Sono convinto che per la maggior parte di quelle persone, specie le più semplici, quelle “scalate” avessero un profondo significato spirituale: senza nulla togliere, s’intende, alla spensieratezza e alla gioiosità delle classiche gite a monte Campo, come quelle che concludevano i festeggiamenti  dell’Otto settembre.

Sono stato ancora lieto di sapere che esistevano ed esistono tuttora delle cosiddette “croci meteorologiche”: accanto alle quali sono collocate, sfruttandone la posizione, diverse apparecchiature, ad esempio anemometri per il monitoraggio del vento ed altro; ce ne sono tuttora, se non vado errato, anche a monte Campo ed è purtroppo vero che talora disturbano un po’ l’armonia del paesaggio; a me piace il simpatico ricordo di mia nonna materna che, pur non essendo nata a Capracotta, si vantava di fare eccellenti previsioni del tempo semplicemente osservando, dalla finestra di casa, il gioco delle nuvole e la visibilità più o meno buona della Croce: altro che satelliti meteo?

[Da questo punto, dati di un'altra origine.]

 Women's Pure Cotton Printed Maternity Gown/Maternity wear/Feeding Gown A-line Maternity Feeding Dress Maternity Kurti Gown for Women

Avviandomi alla conclusione, ho l’impressione di aver raggiunto davvero quella Croce in una splendida giornata di sole; ora sto ripercorrendo in discesa il sentiero di monte Campo mentre, per un attimo, riaffiora nella mia mente il mistero che tuttora circonda il suo nome; come ho già avuto occasione di ricordare, infatti, persino in una mappa del 1781 non risulterebbe ancora questa denominazione (?): ma non è importante.

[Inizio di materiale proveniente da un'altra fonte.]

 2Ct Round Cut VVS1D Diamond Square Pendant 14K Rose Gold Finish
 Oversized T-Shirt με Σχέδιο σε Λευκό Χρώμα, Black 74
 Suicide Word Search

Piuttosto, prima che il mio sogno a occhi aperti svanisca, mi sforzo di rivivere l’ultima, lontanissima occasione in cui ho mi sono trovato all’alba, con il sorgere del sole, accanto a quella Croce; da quel luogo incantato sembrava che lo sguardo raggiungesse l’infinito e non è casuale che mi rammenti una frase dalle “Confessioni” di sant’Agostino; che io sappia, era stata ripresa anche da Francesco Petrarca, proprio nel racconto di una sua faticosa ascensione al “monte Ventoso”, in Provenza:

E vanno gli uomini a contemplare le cime dei monti, i vasti flutti del mare, le ampie correnti dei fiumi, l’immensità dell’oceano’, il corso degli astri e trascurano sé stessi

Ripensando alla mia vita, ho davvero speso poco tempo a “contemplare le cime dei monti”, mentre ho certamente escluso tutto il resto; ciò nonostante ho il timore di aver trascurato me stesso ed è stato un errore imperdonabile: fossi almeno rimasto più a lungo in Preghiera a monte Campo, ai piedi della nostra, amatissima “Croce di vetta”!